Once, the Phantom had been tame. He might have been tolerant of men, if they hadn’t penned him, strangled him with ropes, pursued and nearly poisoned him.
Captivity had taught him not to fear men.
Freedom had taught him to hate them.
Should she go after him? Sam tried to think. She might keep the horse from being shot, but if a stray bullet struck her, she’d be no good to him.
Chapter Four
“Stop!” Sam shouted.
Ace shied violently. His head swung left and his black mane flared. His hooves stutte
red, trying to reverse direction. Sam settled deeper in her saddle and even though Ace took it as a signal to move forward, she only lost a stirrup in working to control him.
“Hey, boy, you’re okay,” she crooned to Ace, past teeth threatening to chatter.
Sure, there’s just someone shooting at us.
Sam tightened her grip on the reins. It wouldn’t do Ace or the Phantom any good for her to panic. Her brain knew that, but every instinct clamored for her to get out of here. Now!
Ace shook his head against the snugged reins and made a low complaint. Sam glanced over her shoulder in time to see the shadowy figure bend.
By the time Ace turned as she’d asked him to do, the man was scuttling away.
“After him,” Sam whispered, but she kept Ace at a jog as she rode after the gunman.

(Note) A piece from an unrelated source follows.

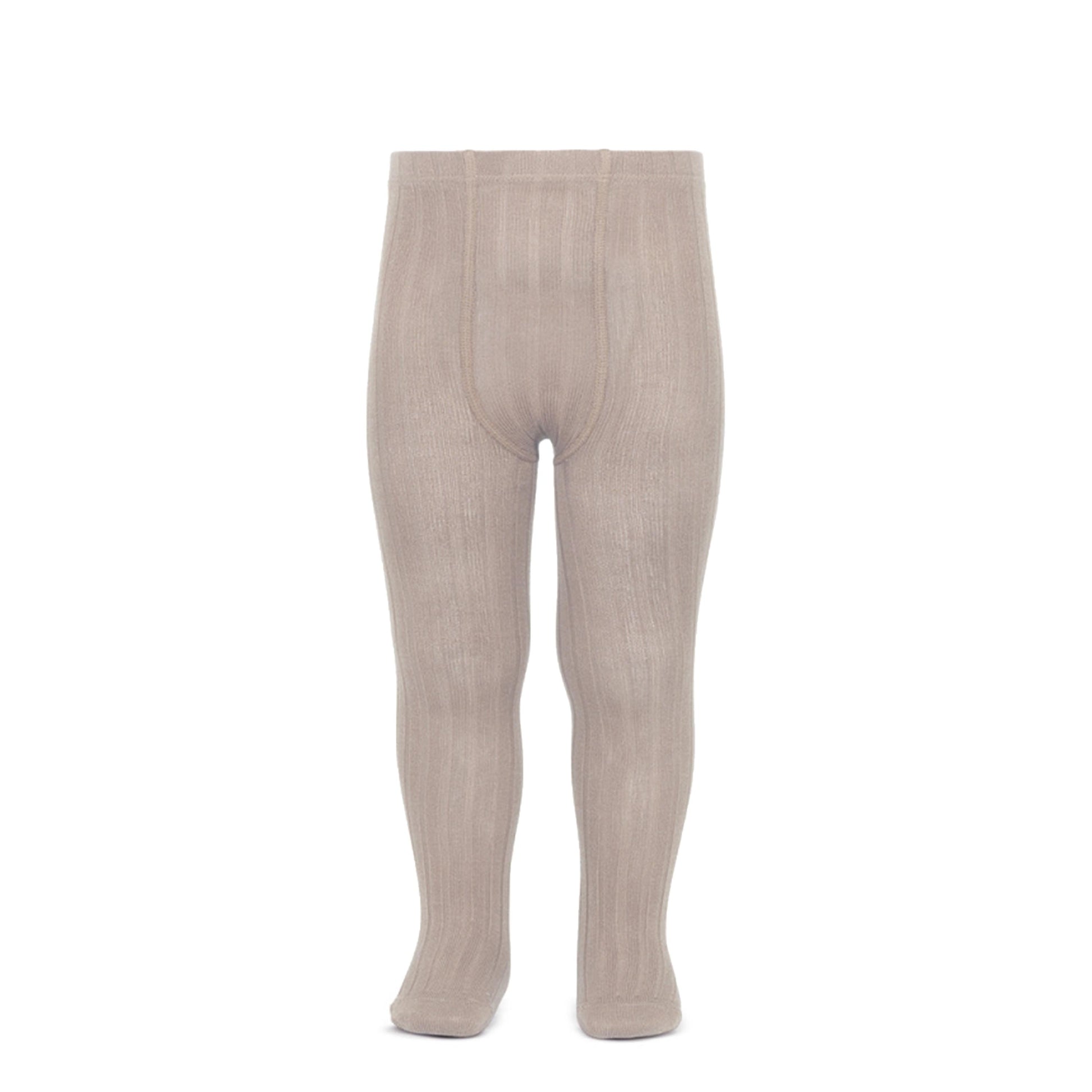 Leotardo piedra 2016 de Cóndor - 2016-300-1.jpg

She must get a good look at him if she hoped to describe him to Dad, Brynna, and Sheriff Ballard. But the clump of sagebrush was too far away—at least the length of a football field—and Snake Head Peak shaded the man so that even his outline was indistinct.
And then the shooter vanished. No matter how Sam widened her eyes or squinted, she saw nothing.
A passing wind sounded like an eerie intake of breath.
There was no man and no movement. For one stomach-turning instant, Sam remembered what Rachel had said.
She was kicked in the head by a horse, you know.
What if something was wrong with her? Sam didn’t want to think about it, but it was possible. The shock of Blackie’s hoof had knocked her unconscious. She’d been hospitalized for weeks. Then she’d had to live in San Francisco so that a relapse didn’t strike when she was far from medical care.
What if her brain was damaged and it had taken the content of Mom’s note and scrambled it into a sick fantasy?
No. Jen had definitely heard the shot—and galloped off.
The Phantom had been after something, but now even he seemed confused. He slowed to a hammering trot, then halted. Head high, tendons taut, he stood like a sculpture of equine power.
Sam didn’t stop when the stallion did.
The Phantom might be satisfied that danger was gone, but she wasn’t. The man could be hiding.